Required work
Beginning with the line below that contains "Liora Dress - Pronk" and ending with the line that contains "Used 2019 Nissan", copy every line exactly. Copy nothing else.
START Extracted entries
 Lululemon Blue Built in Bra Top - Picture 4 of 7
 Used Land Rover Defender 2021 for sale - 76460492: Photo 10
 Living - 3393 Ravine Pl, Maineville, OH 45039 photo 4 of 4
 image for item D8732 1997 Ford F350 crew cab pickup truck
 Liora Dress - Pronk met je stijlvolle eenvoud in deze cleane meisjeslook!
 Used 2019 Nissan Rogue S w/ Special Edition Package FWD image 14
END Extracted entries
START Extracted entries
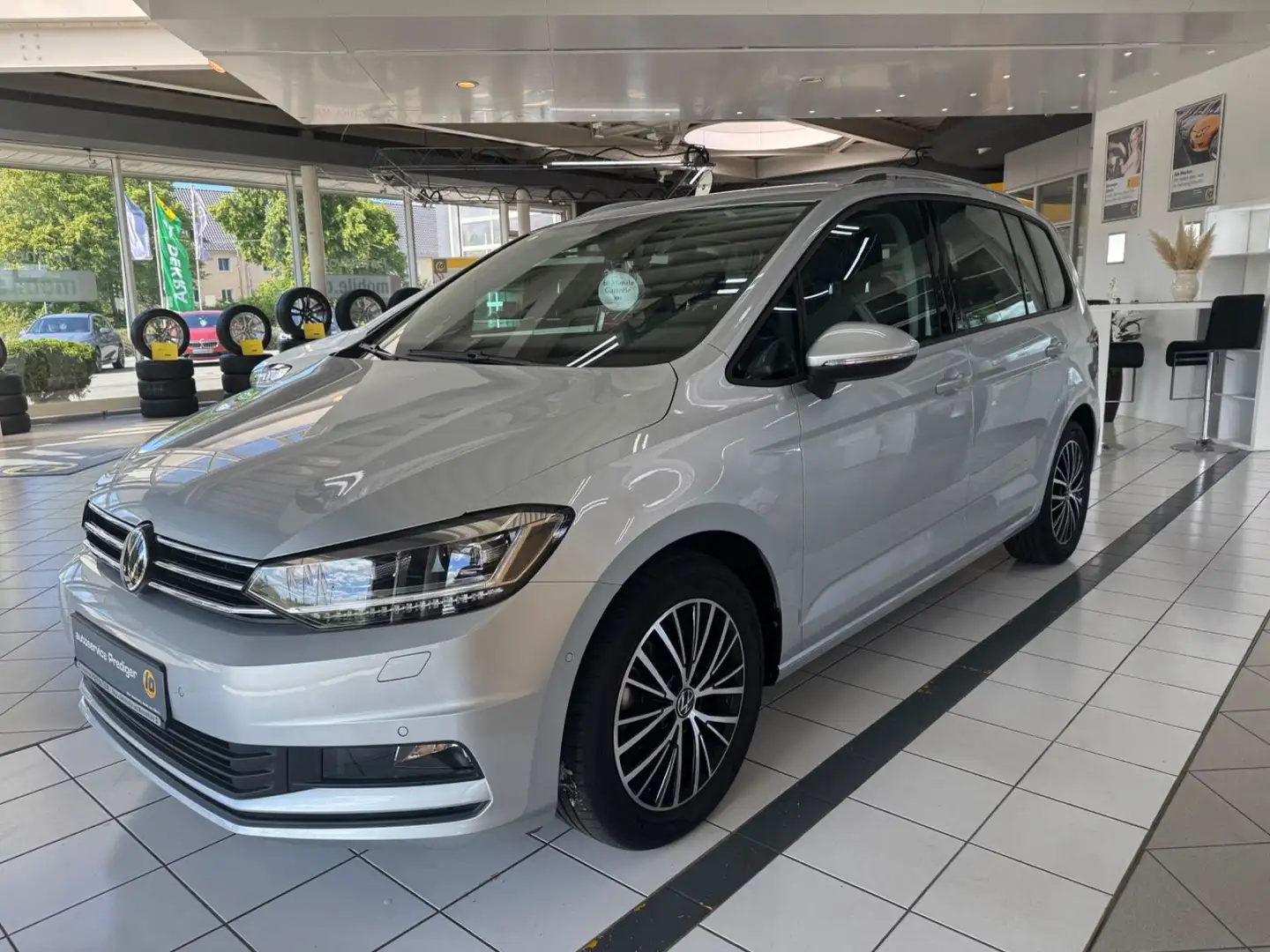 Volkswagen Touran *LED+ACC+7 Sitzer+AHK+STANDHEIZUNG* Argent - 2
END Extracted entries
Exercise solution
 Liora Dress - Pronk met je stijlvolle eenvoud in deze cleane meisjeslook!
 Used 2019 Nissan Rogue S w/ Special Edition Package FWD image 14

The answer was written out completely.